▶ _Record set_:
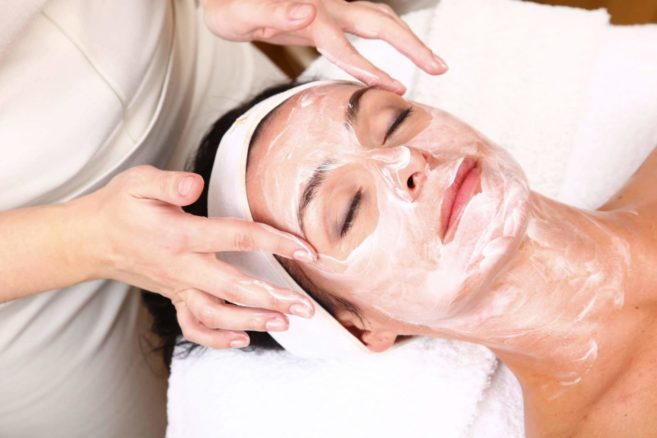 What Are The Benefits Of Getting Ruma Hydrate Facial Treatment?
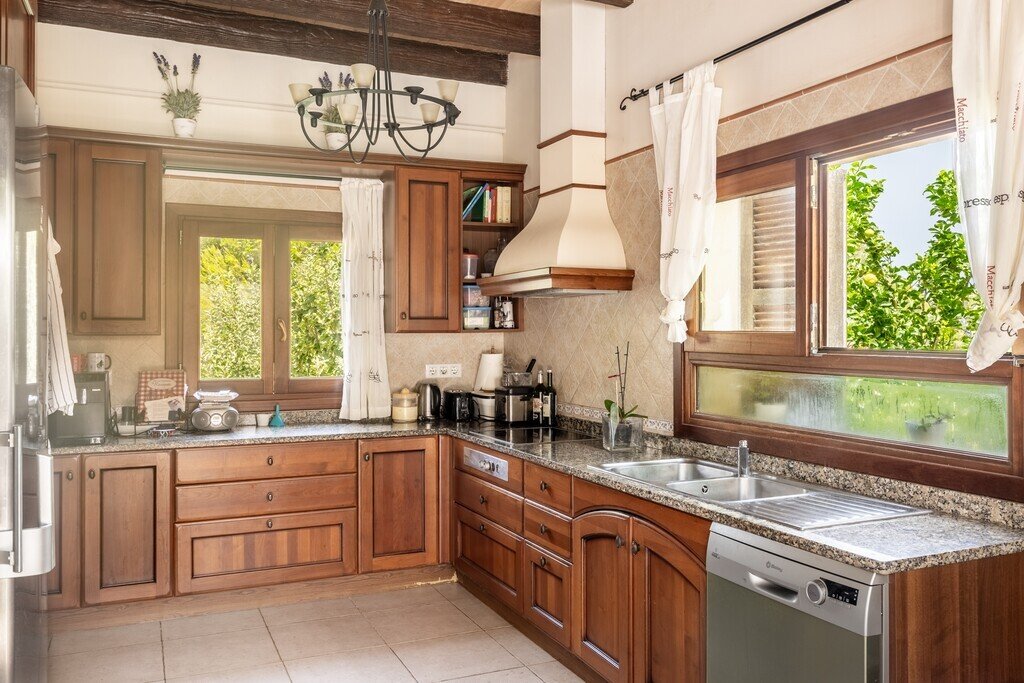 Villa in Alcudia, Balearic Islands, Spain 5 - 18504035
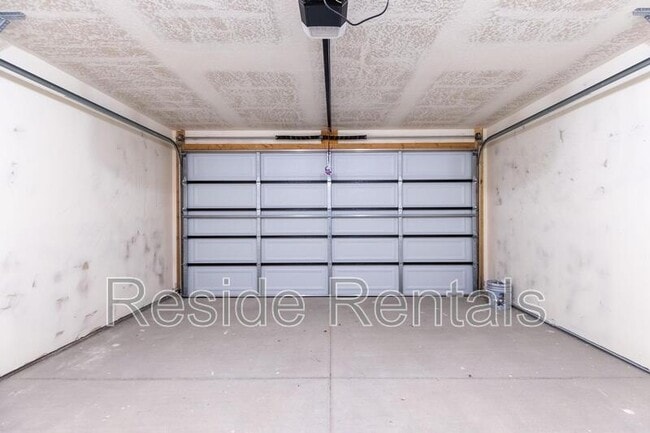 Building Photo - 35 N Gateway Dr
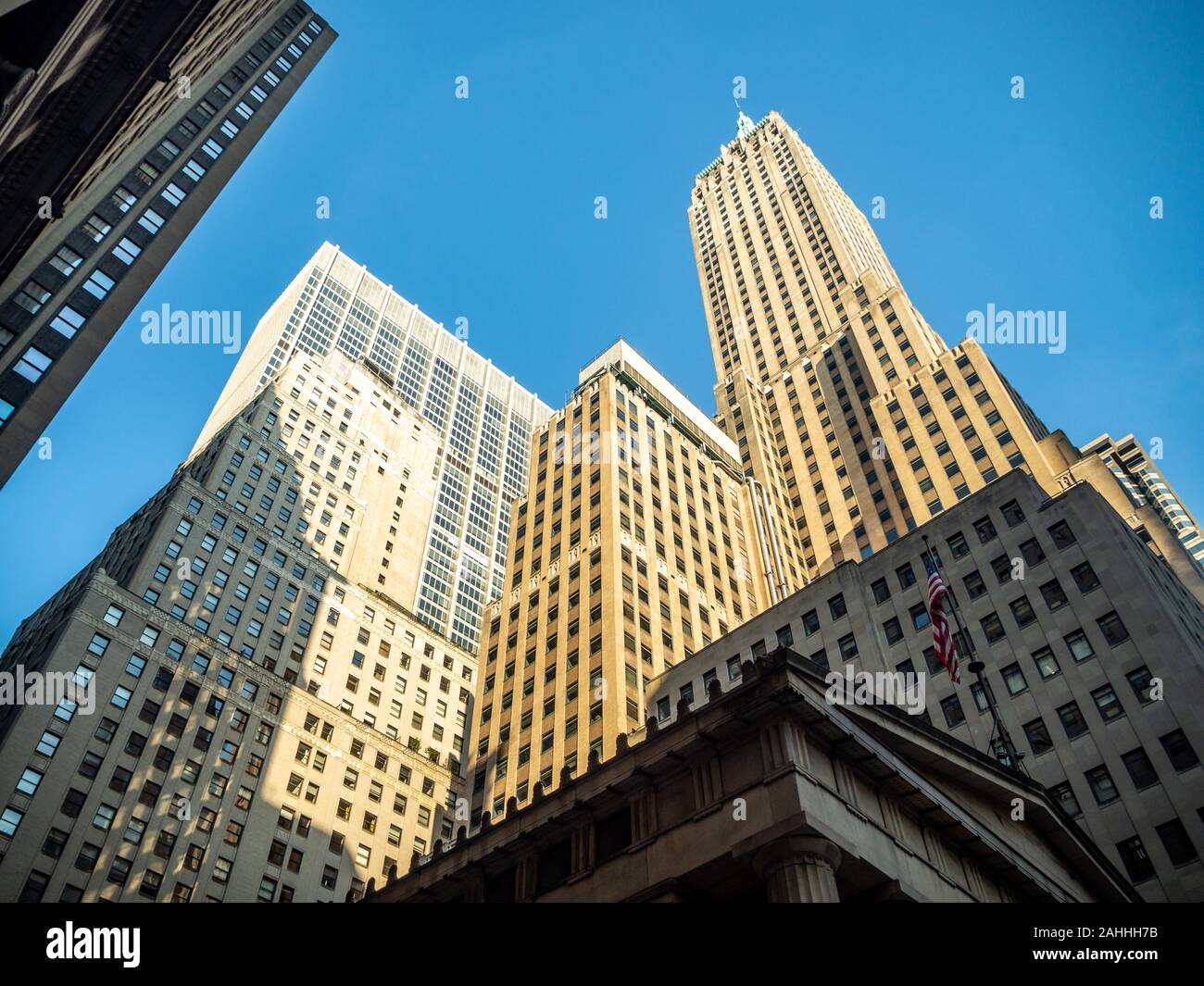 New York City, Vereinigte Staaten von Amerika: [Empire State Building, Ansicht von der Straße] Stockfoto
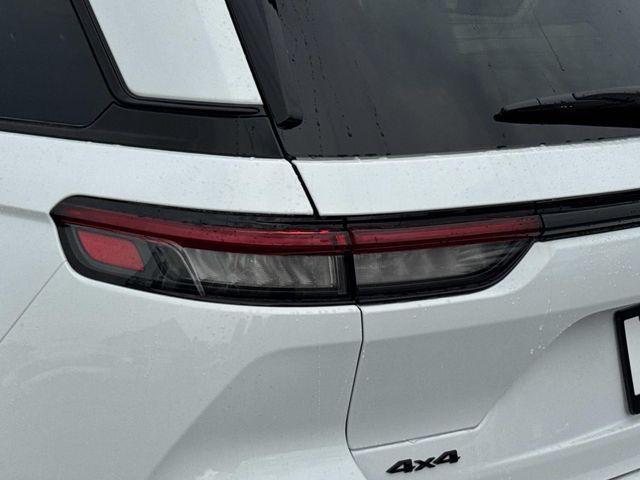 new 2025 Jeep Grand Cherokee car, priced at $36,000
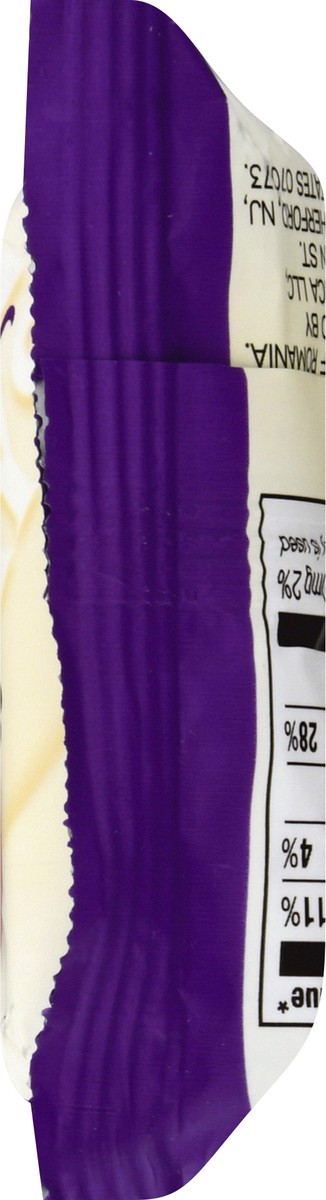 slide 6 of 13, 7DAYS Cake Bar, Mixed Berry, 2.12 oz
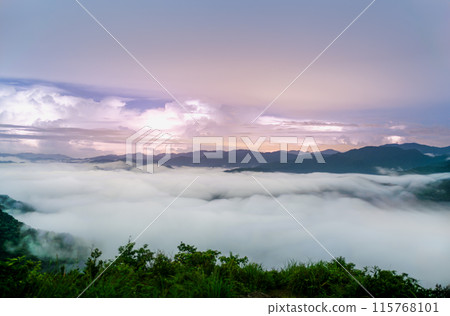 On a summer night, the sea of clouds surges and lightning flashes. 115768101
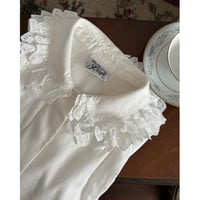 Vintage white cotton lace collar blouse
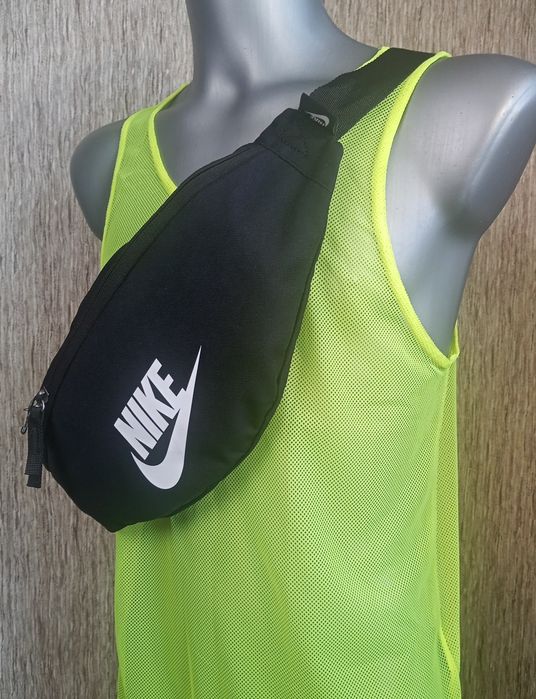 Nerka saszetka na pas NIKE czarna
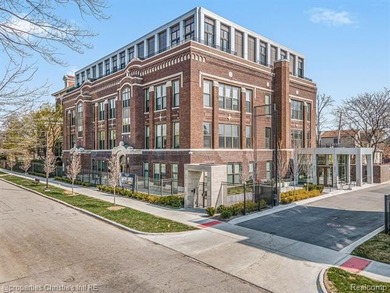 The Saint Charles Residences! This 3 bed 2.5 bath space offers - photo 3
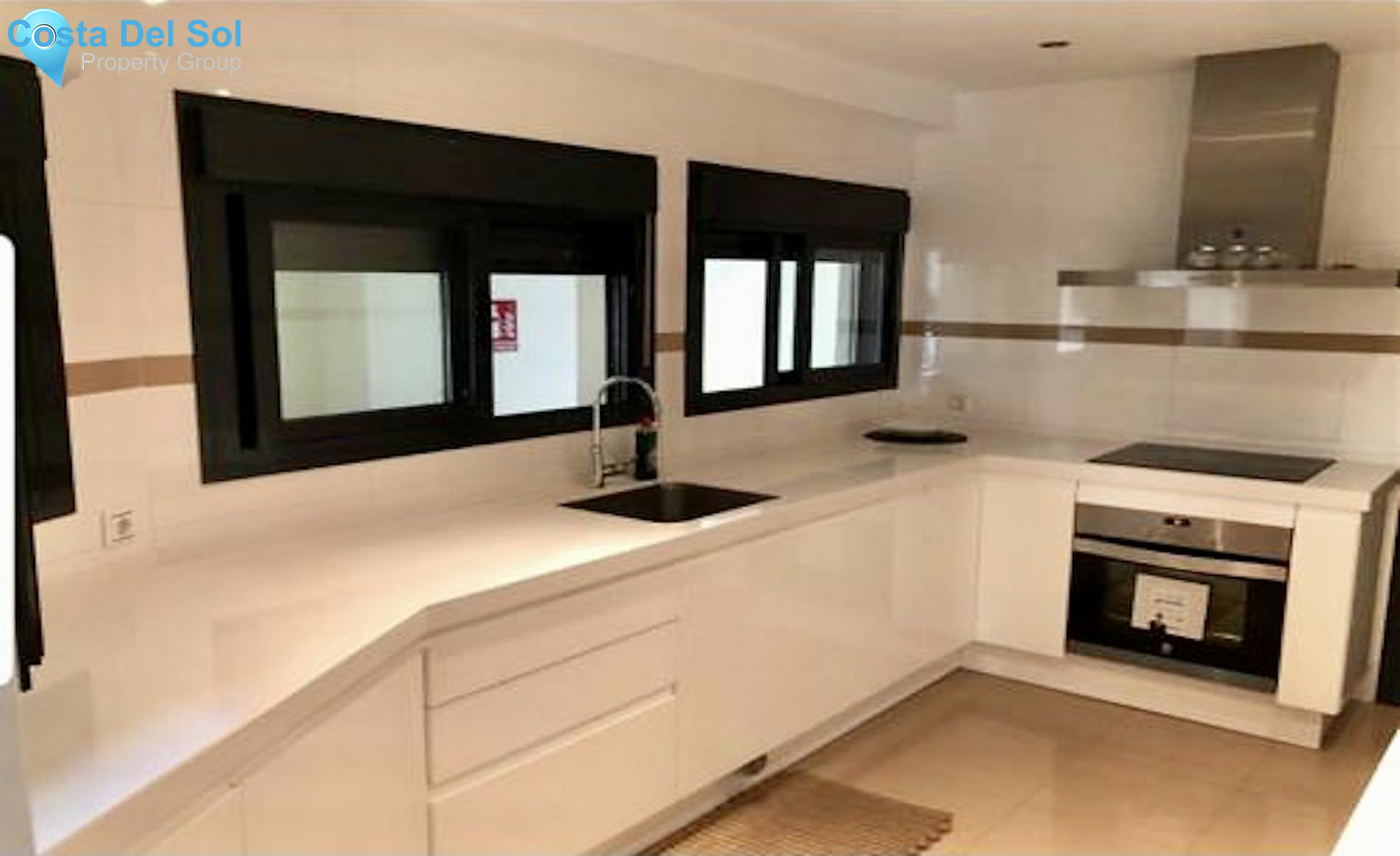 Ground Floor Apartment in New Golden Mile-1517587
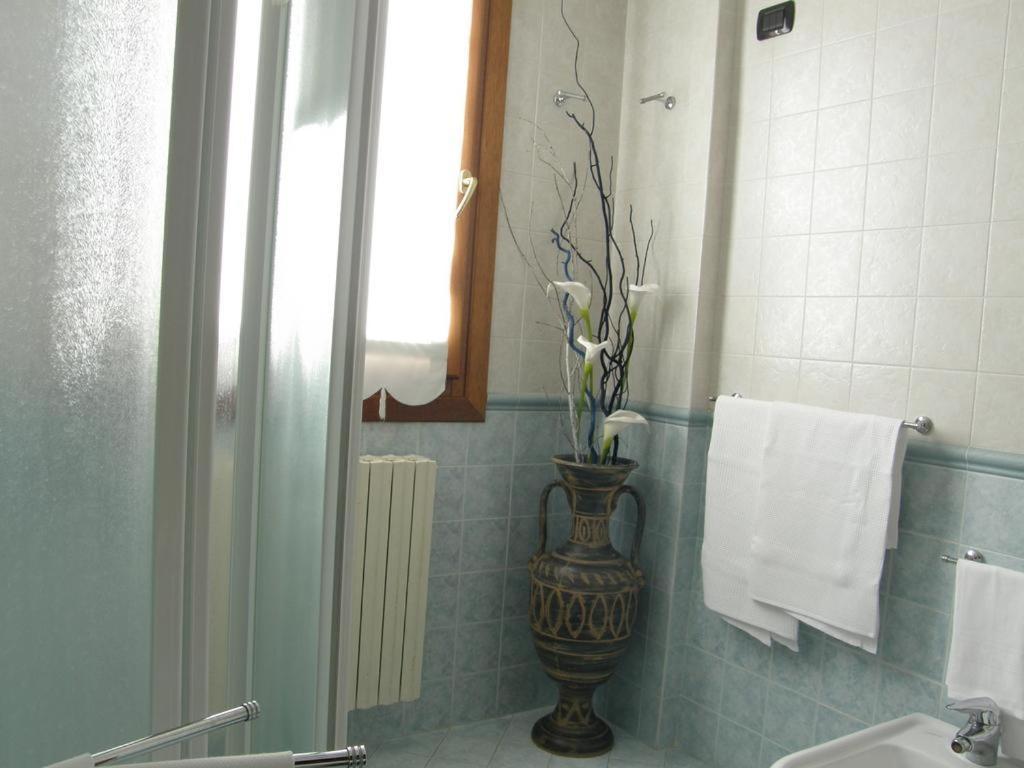 Residence Meuble' Cortina Quinto Di Treviso Kültér fotó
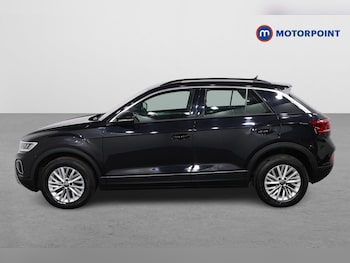 Used Volkswagen T-Roc 2022 for sale - 78353666: Photo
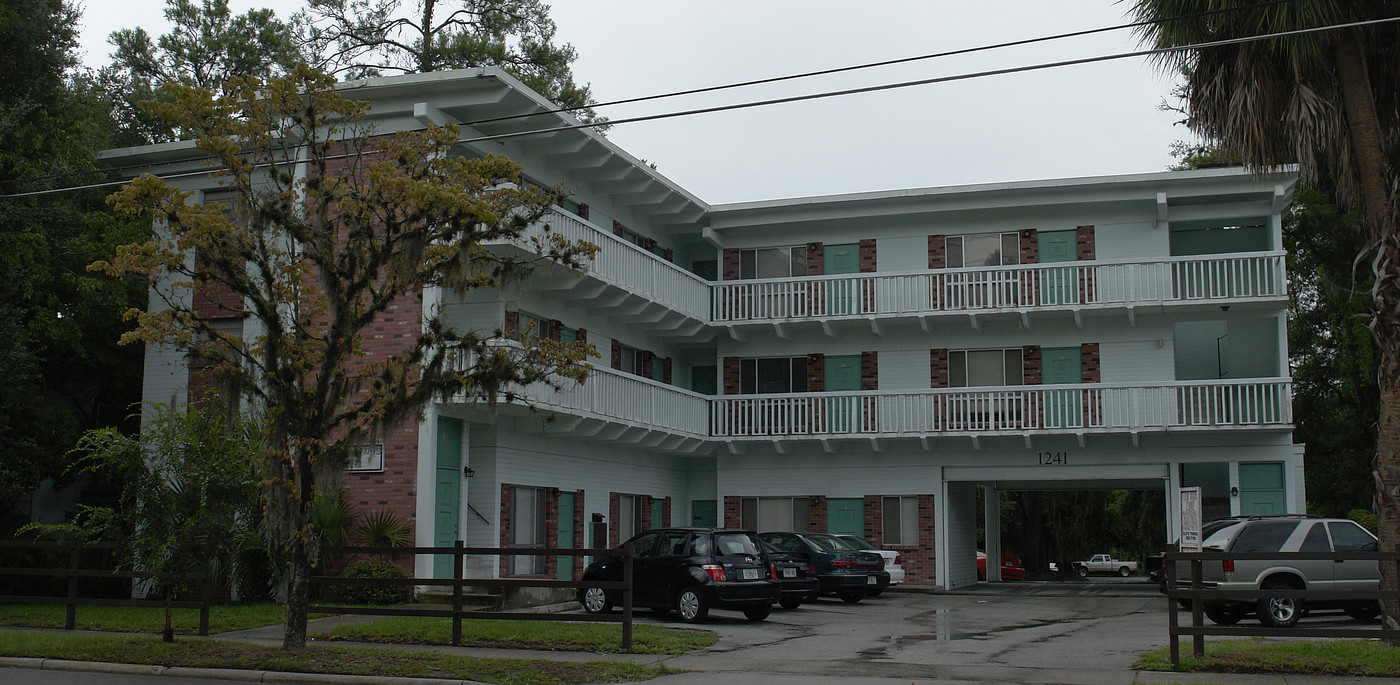 1241 SW 4th Ave in Gainesville, FL - Foto de edificio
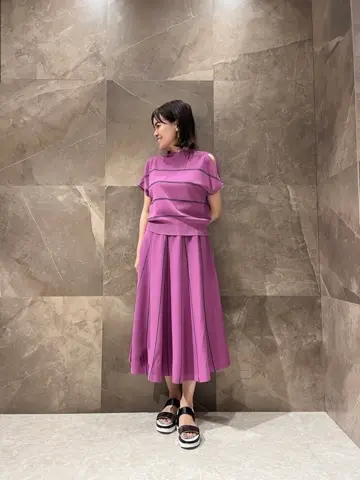 GRACE CONTINENTAL 穐山　香織 コーディネート画像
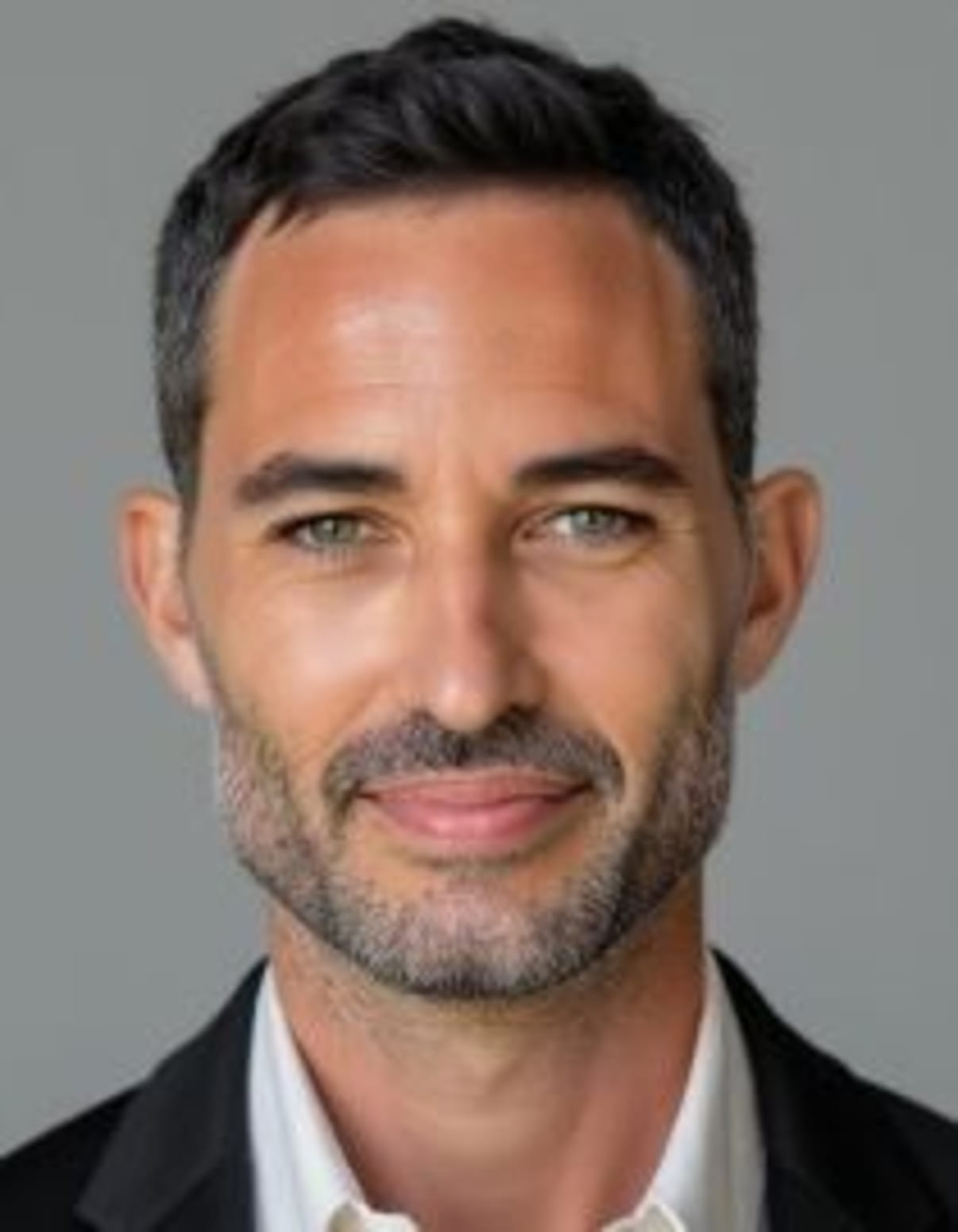 תמונת פורטרט של בעל המקצוע תמונת פורטרט של בעל המקצוע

▶ _Task item_: Omitting the images, transcribe every record exactly.

▶ _Answer for this exercise_:
 What Are The Benefits Of Getting Ruma Hydrate Facial Treatment?
 Villa in Alcudia, Balearic Islands, Spain 5 - 18504035
 Building Photo - 35 N Gateway Dr
 New York City, Vereinigte Staaten von Amerika: [Empire State Building, Ansicht von der Straße] Stockfoto
 new 2025 Jeep Grand Cherokee car, priced at $36,000
 slide 6 of 13, 7DAYS Cake Bar, Mixed Berry, 2.12 oz
 On a summer night, the sea of clouds surges and lightning flashes. 115768101
 Vintage white cotton lace collar blouse
 Nerka saszetka na pas NIKE czarna
 The Saint Charles Residences! This 3 bed 2.5 bath space offers - photo 3
 Ground Floor Apartment in New Golden Mile-1517587
 Residence Meuble' Cortina Quinto Di Treviso Kültér fotó
 Used Volkswagen T-Roc 2022 for sale - 78353666: Photo
 1241 SW 4th Ave in Gainesville, FL - Foto de edificio
 GRACE CONTINENTAL 穐山　香織 コーディネート画像
 תמונת פורטרט של בעל המקצוע תמונת פורטרט של בעל המקצוע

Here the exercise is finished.